Best practices for tracking mobile devices
Safeguard against loss, liability with strict written policies
How do you keep track of something that by its very name is mobile? That’s the question facing IT administrators as mobile phones and tablets enter the infrastructure. A second question: How do you limit your liability should a device go missing?
From a device management standpoint, before a mobile device is handed to an employee, it should be tagged with a unique identifier that is externally visible. In addition, devices should be inventoried and logged in and out manually every time they are assigned. Loaner devices or tablets that are used on premises are especially vulnerable since, unlike laptops, they can’t be fitted with cable locks to make sure they stay put. Another best practice: Every device — whether tablet, mobile phone or smartphone — should be issued with a case.
“Assume any device you give out is going to be dropped several times, left in a restaurant, and given to a child to amuse him or her,” said Sascha Segan, lead analyst for mobile devices at PCMag.com. “People are butterfingers. People get drunk and leave their prototype iPhones in beer gardens, and everyone uses Angry Birds to entertain their toddlers.”
When it comes to safeguarding a device against loss, IT departments may want to take a page from the State of Iowa’s playbook. The organization maintains strict written policies that help minimize risk should a device be lost. Devices – all of which must be password-protected -- must have the ability to be remotely erased and disabled after 10 unsuccessful password attempts, and when they are reported lost or stolen. They are also instantly locked after a maximum of 15 minutes of inactivity, and, among other policies, are erased entirely when an employee leaves government employment or no longer needs a mobile device for state business – even if that device is owned by the end user.
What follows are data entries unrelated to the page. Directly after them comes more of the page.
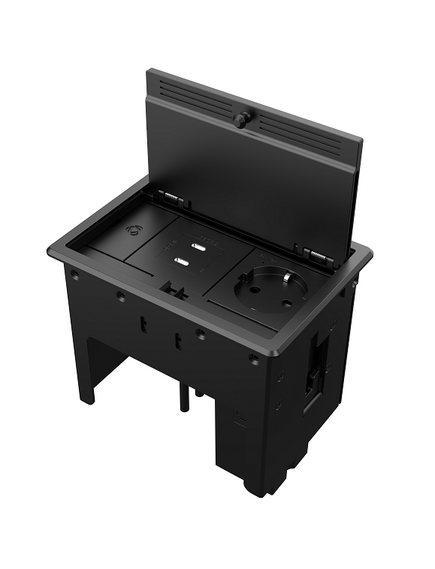 T-IN2-REC2(B) 2 Module Rectangle Plus Table In Grommet, Black, Colour: Black, 2 image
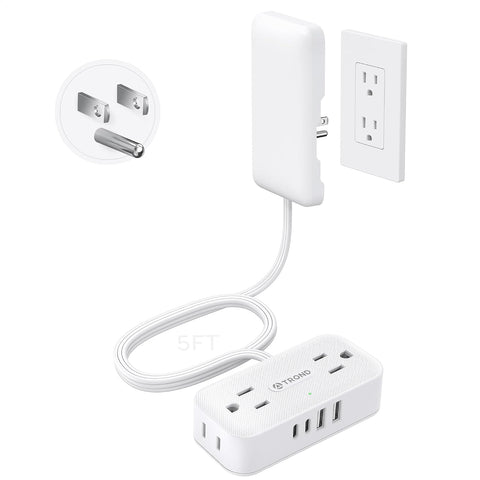 TROND 5ft Flat Extension Cord with Ultra-Thin Outlet Cover, 1250W, White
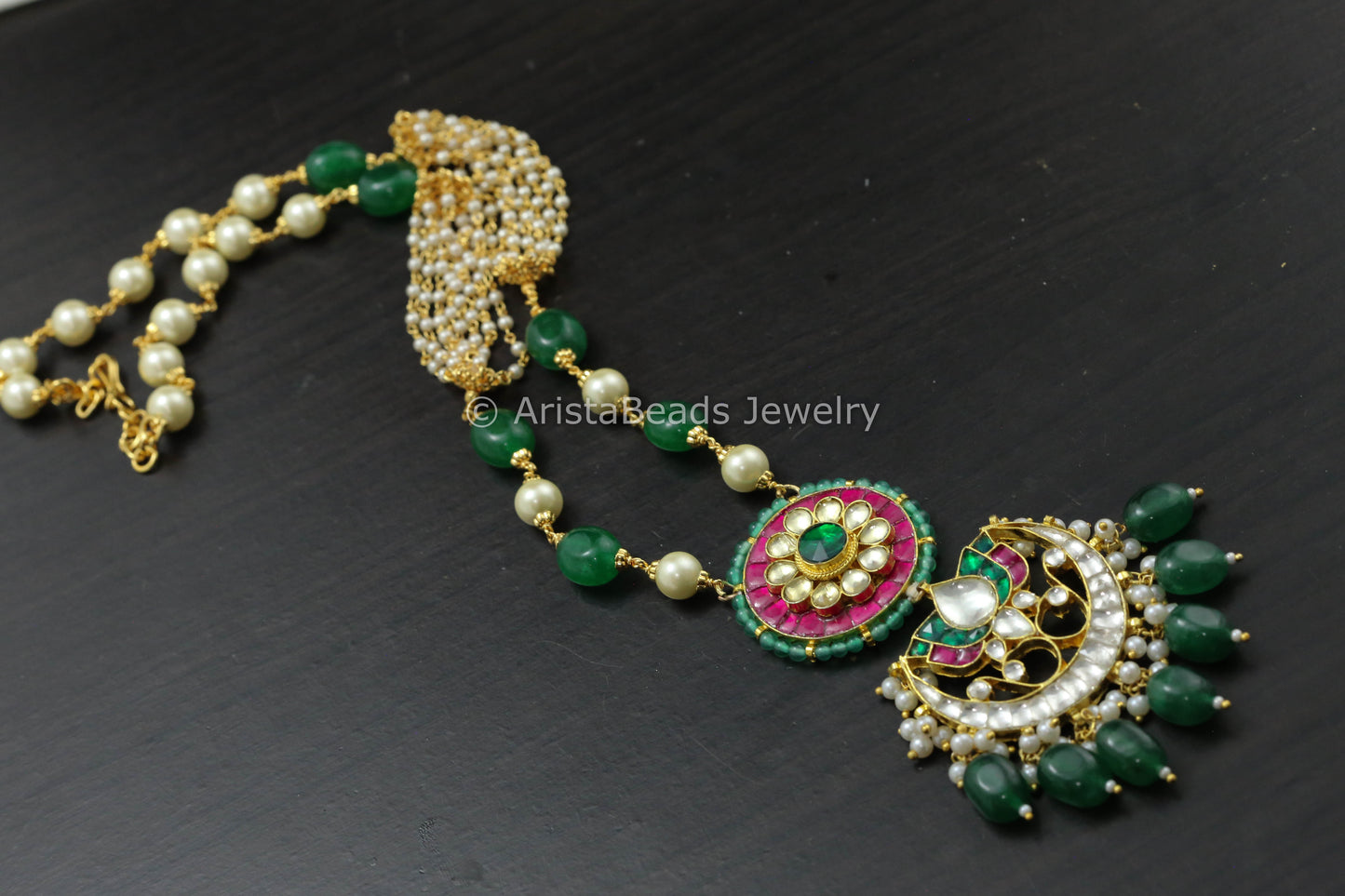 Designer Pachi Kundan Necklace - Green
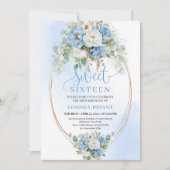 Minimal Script Dusty Blue Floral Sweet 16 Birthday Einladung (Vorderseite)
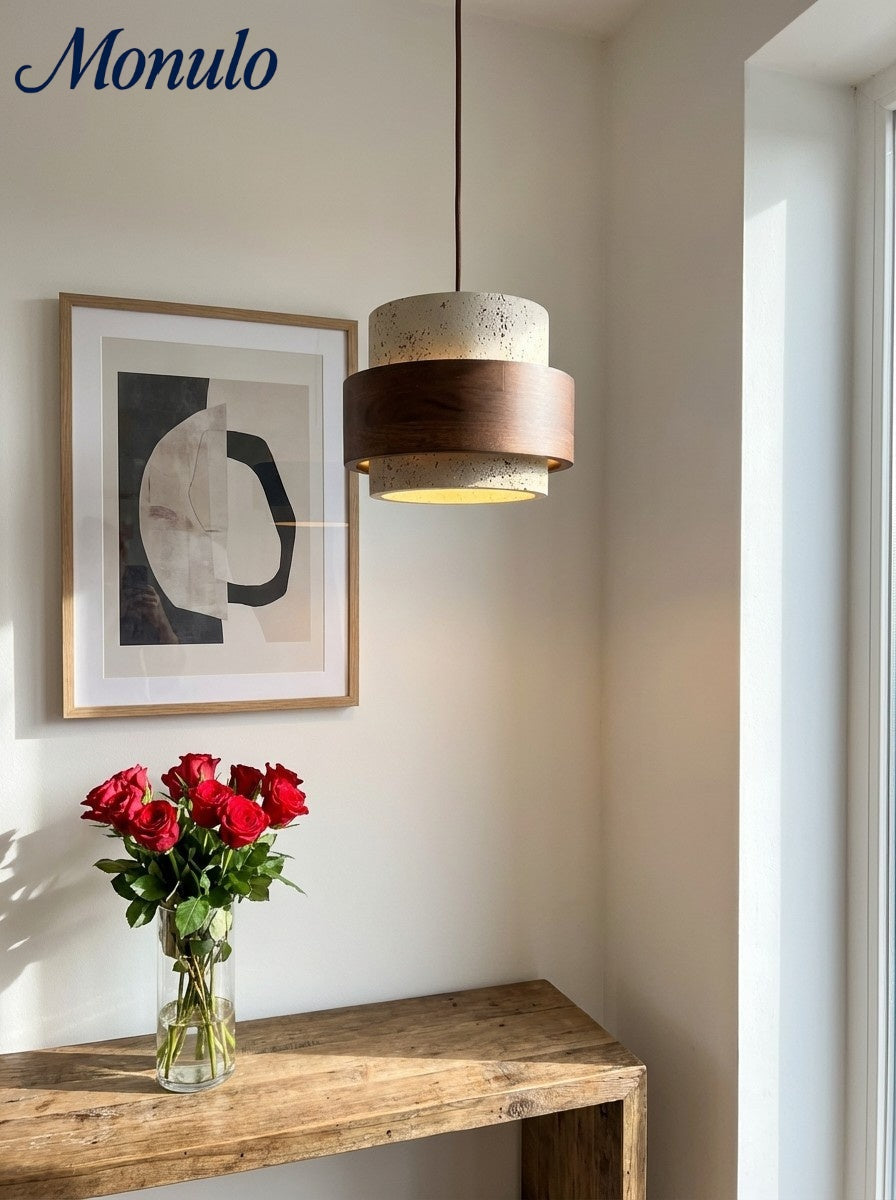 Houten Hanglamp met Travertijn Afwerking – Organische Lichtbron Eetkamer Woonkamer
The State of Illinois has similar policies in place, but it also requires all devices to be virus scanned before connecting to any state IT systems.
These are policies that should be emulated, said Richard Schum, senior industry analyst at INPUT, and augmented by centralized administration, which can help agencies cut down on loss, he said. “One of the major aspects of security that is sometimes overlooked is what happens if you have a phone out there that’s been lost? This is one of the reasons that we think central management and administration of mobile devices is so important for agencies and subagencies,” he said. “When you have oversight, you can quickly mitigate risks.” As an added benefit, centralized management can also help keep carrier charges in check, he said. “When you’re dealing with third-party carriers, you don’t want to have a million different plans. You want one or two that give you what you need at the right price.”
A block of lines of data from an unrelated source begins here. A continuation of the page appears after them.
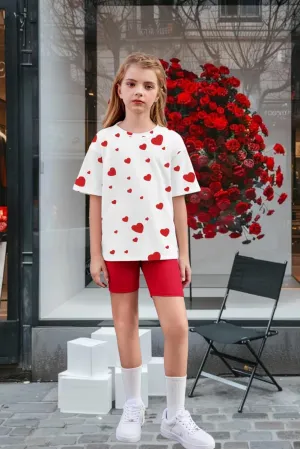 Arshiner Girls 2 Piece Outfits Drop Shoulder T-Shirts and Biker Shorts Sets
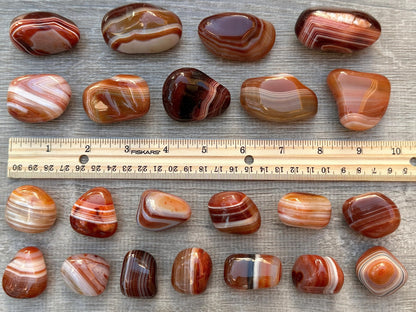 GAF TREASURES 5 Pcs Red Banded Agate Tumbled Stones – Polished Natural Red Banded Agate Gemstones for Collection, Display & Crafting (Red Banded Agate)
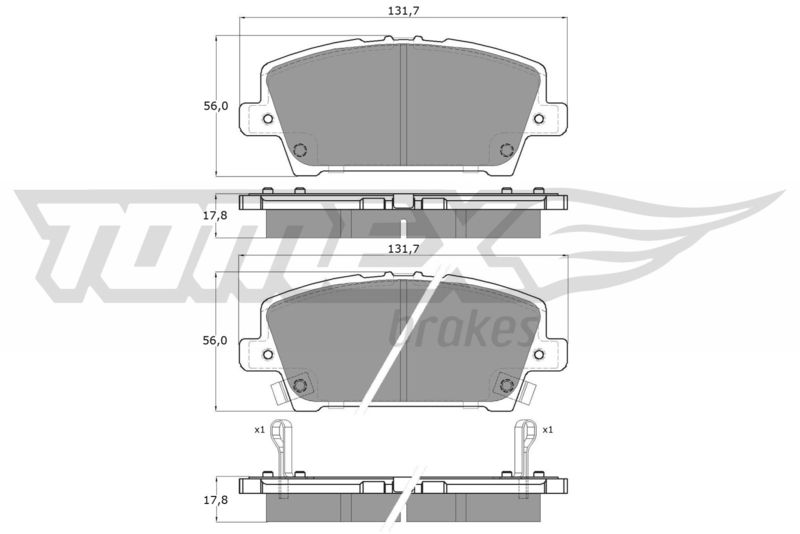 TOMEX Brakes TX 14-52 Brake Pad Set, disc brake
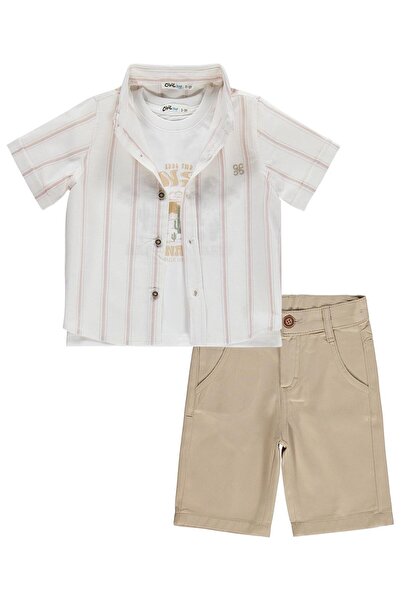 Civil Boys Boy's 3-Piece Set with Shorts for 2-5 Years - Brown 5-6 Years
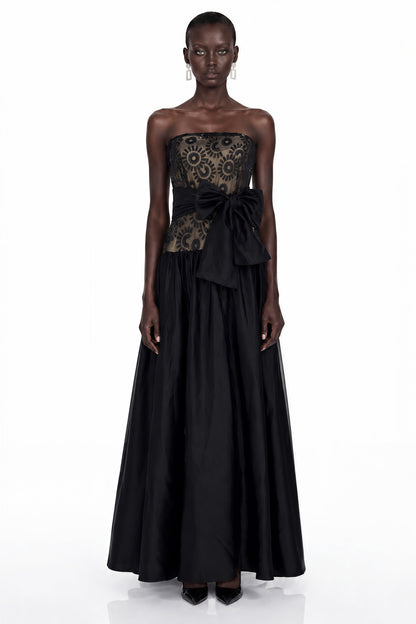 Isadora Black Geometric Print Off Shoulder Maxi Dress with Bow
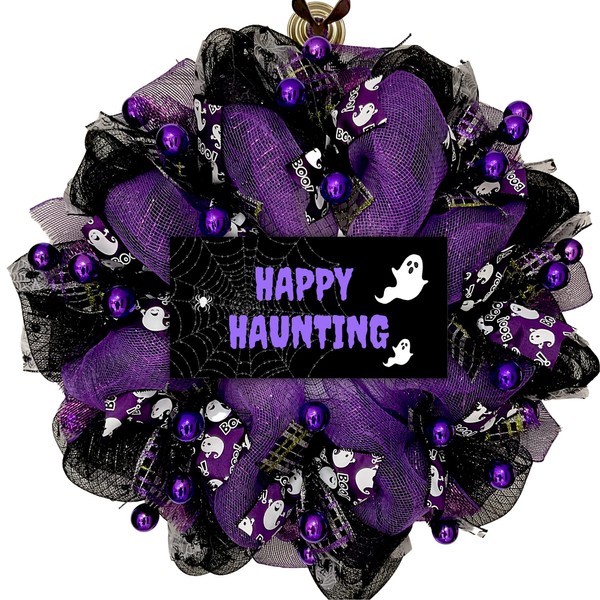 Happy Haunting Halloween Handmade Deco Mesh Wreath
With 72 percent of all organizations reporting that they have adopted mobile communications, and only 3 percent saying that mobile isn’t in their plans, according to a recent INPUT study, not to mention the fact that an average of 13 percent of respondents’ budgets is being used for wireless communications, such policies are critical.
“When done right, enabling mobile devices becomes very powerful for users and administrators,” explains PCMag.com’s Segan.